Her romance illustrations feature strapping men and rosy-cheeked young women with ribbons in their hair gazing adoringly into each other’s eyes as they tenderly steal a peck on the lips. Because it was wartime, the men were often in military uniform.

She drew her inspiration from the pop culture of the day.

“I liked 1940s movies,” she said. “You know: Boy meets girl, boy loses, girl, boy gets girl back.”

Gloria Stoll studied in her native New York City at the prestigious High School of Music & Art, now the Fiorello LaGuardia High School of Music & Art and Performing Arts.

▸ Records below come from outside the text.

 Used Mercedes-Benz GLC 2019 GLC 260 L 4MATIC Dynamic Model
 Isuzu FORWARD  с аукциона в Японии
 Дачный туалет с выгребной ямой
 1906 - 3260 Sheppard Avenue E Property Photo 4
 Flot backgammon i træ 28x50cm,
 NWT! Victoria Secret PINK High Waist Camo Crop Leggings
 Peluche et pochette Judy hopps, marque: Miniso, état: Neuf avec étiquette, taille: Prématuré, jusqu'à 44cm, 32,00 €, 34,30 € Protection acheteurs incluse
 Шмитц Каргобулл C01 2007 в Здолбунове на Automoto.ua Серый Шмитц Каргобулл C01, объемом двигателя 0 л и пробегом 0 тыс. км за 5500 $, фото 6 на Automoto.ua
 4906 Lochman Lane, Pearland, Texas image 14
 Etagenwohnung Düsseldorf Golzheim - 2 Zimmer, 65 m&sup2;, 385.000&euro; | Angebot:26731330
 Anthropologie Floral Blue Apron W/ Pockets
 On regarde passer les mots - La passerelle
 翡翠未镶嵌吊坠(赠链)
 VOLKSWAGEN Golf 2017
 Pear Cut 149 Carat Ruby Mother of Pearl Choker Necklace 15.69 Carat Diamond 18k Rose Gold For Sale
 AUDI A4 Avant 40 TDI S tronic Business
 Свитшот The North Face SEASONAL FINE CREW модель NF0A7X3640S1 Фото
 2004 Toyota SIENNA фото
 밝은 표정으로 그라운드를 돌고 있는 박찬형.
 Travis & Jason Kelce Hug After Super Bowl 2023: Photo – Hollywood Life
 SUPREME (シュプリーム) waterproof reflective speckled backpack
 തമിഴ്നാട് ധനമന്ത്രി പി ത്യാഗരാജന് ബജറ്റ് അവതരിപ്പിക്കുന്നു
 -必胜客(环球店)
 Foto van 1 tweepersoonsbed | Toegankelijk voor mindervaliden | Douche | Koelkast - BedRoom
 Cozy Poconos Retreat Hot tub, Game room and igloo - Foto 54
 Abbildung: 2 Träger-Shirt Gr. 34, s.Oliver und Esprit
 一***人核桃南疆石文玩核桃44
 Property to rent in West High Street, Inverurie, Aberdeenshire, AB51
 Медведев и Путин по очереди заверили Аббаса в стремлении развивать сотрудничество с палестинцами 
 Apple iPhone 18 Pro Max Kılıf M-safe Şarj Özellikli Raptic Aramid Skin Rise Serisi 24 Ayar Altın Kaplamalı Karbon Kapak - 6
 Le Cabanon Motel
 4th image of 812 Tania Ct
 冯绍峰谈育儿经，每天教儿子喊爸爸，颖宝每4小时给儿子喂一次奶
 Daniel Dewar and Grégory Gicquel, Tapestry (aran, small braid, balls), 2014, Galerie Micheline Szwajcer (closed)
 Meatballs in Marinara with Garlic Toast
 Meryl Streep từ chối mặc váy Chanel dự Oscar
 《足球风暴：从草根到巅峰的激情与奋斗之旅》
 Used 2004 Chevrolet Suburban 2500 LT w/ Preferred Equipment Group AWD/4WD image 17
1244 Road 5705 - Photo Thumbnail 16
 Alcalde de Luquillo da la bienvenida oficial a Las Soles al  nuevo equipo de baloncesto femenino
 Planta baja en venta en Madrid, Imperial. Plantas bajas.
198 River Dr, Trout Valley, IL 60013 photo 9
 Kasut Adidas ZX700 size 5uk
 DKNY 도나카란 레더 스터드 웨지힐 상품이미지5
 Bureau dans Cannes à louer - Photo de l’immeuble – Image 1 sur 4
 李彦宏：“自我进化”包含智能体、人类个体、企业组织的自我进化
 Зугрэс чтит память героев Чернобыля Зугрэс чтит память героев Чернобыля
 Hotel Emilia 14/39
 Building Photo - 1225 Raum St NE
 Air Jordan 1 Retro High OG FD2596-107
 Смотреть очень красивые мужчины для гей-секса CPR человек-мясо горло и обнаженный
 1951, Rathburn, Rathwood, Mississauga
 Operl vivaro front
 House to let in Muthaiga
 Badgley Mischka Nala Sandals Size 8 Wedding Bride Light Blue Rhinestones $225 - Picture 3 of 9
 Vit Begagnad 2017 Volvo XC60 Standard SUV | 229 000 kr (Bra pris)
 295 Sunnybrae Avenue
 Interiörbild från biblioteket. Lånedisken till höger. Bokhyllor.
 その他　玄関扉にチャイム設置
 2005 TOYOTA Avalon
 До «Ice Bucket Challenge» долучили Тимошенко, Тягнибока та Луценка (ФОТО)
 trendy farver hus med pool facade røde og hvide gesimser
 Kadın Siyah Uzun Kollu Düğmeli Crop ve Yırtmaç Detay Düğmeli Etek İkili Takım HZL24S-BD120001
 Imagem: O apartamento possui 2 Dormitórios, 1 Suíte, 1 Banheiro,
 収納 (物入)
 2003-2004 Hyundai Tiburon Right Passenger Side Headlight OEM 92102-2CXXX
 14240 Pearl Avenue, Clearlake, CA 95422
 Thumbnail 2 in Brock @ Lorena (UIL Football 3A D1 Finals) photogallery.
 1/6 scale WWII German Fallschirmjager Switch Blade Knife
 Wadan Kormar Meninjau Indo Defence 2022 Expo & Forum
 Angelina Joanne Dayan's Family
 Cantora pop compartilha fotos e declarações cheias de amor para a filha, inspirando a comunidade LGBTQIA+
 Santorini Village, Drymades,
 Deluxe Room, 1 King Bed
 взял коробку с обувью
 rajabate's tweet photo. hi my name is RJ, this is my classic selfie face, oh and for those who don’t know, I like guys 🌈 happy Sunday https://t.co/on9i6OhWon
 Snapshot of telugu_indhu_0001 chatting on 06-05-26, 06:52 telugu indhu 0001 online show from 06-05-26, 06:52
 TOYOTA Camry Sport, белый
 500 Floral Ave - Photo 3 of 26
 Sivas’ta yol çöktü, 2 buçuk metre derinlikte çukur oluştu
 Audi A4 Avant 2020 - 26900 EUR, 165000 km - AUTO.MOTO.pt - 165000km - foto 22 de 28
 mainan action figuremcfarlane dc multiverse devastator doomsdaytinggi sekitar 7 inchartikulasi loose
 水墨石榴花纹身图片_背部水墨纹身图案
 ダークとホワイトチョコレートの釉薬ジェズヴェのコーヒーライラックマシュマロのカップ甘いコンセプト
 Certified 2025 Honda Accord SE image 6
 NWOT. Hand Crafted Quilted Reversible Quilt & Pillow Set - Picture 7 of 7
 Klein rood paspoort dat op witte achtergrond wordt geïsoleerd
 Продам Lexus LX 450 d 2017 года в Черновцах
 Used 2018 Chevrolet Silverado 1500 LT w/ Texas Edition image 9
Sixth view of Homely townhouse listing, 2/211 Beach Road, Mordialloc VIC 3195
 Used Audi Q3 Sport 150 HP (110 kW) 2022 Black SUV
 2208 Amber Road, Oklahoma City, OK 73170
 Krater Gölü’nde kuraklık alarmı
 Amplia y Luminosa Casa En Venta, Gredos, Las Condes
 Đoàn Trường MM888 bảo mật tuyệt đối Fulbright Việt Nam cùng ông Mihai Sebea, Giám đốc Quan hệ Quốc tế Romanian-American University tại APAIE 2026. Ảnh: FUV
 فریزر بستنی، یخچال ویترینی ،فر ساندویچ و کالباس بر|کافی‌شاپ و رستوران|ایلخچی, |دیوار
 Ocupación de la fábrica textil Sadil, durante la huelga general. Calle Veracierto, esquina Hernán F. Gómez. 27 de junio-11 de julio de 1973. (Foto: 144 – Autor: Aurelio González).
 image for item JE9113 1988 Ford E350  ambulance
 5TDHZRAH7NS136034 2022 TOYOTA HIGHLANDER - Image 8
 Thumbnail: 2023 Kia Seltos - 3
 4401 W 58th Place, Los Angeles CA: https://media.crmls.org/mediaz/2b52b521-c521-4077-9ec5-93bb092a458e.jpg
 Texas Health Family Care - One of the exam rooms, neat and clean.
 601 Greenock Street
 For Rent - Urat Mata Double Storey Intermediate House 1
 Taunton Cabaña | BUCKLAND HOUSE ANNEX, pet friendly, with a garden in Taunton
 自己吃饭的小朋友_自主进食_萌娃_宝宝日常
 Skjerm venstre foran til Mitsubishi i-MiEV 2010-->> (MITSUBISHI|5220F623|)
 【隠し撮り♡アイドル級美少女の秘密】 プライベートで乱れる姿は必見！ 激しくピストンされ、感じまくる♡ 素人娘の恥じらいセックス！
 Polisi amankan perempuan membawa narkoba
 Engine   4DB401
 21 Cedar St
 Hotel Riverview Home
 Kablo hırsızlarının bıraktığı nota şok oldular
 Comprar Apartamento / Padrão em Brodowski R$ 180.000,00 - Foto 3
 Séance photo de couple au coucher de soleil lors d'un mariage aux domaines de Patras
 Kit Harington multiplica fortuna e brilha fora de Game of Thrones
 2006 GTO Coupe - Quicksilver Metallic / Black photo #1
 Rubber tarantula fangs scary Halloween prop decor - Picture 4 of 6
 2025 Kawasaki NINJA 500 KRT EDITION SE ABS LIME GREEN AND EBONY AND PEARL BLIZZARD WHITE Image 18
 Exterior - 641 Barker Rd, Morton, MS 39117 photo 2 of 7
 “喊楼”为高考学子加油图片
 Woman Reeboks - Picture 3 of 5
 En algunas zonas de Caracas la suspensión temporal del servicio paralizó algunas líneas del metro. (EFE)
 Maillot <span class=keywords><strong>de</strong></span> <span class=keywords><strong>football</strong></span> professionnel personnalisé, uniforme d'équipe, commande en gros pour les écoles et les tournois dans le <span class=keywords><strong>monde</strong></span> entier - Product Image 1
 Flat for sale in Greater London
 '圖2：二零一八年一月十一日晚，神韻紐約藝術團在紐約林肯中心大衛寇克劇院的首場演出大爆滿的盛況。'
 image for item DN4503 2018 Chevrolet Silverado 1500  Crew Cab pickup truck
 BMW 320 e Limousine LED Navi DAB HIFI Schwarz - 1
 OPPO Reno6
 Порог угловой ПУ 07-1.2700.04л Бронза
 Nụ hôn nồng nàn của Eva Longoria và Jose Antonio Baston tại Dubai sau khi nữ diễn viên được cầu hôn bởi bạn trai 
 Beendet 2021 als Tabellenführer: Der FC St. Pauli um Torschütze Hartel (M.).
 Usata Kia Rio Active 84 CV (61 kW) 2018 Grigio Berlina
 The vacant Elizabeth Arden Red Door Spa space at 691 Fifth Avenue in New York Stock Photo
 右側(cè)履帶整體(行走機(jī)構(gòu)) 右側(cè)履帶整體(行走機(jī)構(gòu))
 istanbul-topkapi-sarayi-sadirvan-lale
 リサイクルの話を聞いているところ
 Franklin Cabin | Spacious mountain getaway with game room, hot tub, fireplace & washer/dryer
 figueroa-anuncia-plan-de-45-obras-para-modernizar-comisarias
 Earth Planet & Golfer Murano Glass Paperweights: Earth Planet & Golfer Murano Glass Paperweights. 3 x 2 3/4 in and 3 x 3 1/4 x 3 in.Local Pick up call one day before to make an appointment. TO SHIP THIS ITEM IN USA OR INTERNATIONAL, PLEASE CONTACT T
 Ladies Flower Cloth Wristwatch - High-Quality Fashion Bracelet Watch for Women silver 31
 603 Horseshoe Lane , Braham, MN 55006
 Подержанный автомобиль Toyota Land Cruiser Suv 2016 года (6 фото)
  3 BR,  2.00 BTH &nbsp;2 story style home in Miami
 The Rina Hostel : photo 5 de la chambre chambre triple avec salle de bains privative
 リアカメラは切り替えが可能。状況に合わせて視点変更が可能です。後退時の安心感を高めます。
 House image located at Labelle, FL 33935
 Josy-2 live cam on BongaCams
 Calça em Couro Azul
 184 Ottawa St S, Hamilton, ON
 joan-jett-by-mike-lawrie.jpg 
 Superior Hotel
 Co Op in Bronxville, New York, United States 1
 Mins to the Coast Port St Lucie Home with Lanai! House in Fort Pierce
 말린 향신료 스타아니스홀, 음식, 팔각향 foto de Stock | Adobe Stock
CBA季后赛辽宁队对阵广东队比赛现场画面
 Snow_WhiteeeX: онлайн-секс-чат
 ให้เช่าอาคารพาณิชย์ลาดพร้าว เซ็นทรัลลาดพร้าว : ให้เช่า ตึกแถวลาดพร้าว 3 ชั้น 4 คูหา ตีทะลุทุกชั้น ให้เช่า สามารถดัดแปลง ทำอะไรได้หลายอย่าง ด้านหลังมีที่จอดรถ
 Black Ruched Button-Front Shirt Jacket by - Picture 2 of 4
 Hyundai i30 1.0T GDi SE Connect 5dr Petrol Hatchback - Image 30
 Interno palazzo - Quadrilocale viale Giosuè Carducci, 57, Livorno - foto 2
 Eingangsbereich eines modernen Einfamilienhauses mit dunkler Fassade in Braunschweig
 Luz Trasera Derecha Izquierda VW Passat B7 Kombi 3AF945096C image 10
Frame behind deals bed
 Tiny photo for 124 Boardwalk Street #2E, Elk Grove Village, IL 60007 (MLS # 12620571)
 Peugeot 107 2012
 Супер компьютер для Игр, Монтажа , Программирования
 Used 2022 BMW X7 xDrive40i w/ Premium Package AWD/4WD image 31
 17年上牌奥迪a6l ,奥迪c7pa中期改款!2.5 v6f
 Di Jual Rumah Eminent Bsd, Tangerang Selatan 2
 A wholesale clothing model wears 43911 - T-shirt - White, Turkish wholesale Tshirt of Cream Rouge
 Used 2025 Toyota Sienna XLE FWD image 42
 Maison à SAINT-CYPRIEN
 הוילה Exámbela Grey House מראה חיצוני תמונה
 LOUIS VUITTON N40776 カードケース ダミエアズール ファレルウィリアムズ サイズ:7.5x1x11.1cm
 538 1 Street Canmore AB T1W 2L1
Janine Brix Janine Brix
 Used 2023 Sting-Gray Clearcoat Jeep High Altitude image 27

But after her father died, she got a job doing secretarial work at an insurance company to help her mother make ends meet. To get rid of some clutter, she took her entire portfolio from high school, including gouache, oil and watercolor works, to her apartment building’s incinerator room and placed it on the floor to be destroyed.

The janitor saw it, thought it showed promise and took it to Rafael DeSoto, a pulp illustrator who lived in the same building.

“This artist said he thought I had talent and would like to meet me,” she said.

DeSoto introduced her to executives at Popular Publications, one of the day’s major publishers of pulp fiction. She didn’t exactly get a ringing endorsement from the publisher’s male art director.

“Well, we’ve had worse,” she remembers him saying.

But it was good enough. She started doing interior illustrations and eventually moved up to prestigious cover illustrations.

She never met another woman artist during her time but was accepted by everyone she met in the business, despite her gender and tender age, she said.

“It was a very, very nice atmosphere there at Popular Publications,” she said. “It was friendly and comfortable, it wasn’t stilted, and it was easygoing. It was a nice experience for a young woman.”

The Norman Rockwell Museum , which regularly features temporary exhibitions of other illustrators’ work, was tipped off about Stoll Karn by one of her neighbors, said Stephanie Haboush Plunkett, the museum’s deputy director and chief curator.

Plunkett saw something remarkable when she checked out Stoll Karn’s work.

“There were certain conventions in pulp illustrations — they were steamy, risque and racy — and Gloria created women who fell into those conventions. But there was also a confidence about her characters that I appreciated,” Plunkett said. “There was something beneath the surface there. She did not create women who appeared unintelligent or victimized.”

Stoll Karn’s brief career ended when she married and moved to Pittsburgh, although she continued to create art.

In fact, she’s probably more proud of her later works, primarily portraits, even though the pulp work brought her more attention.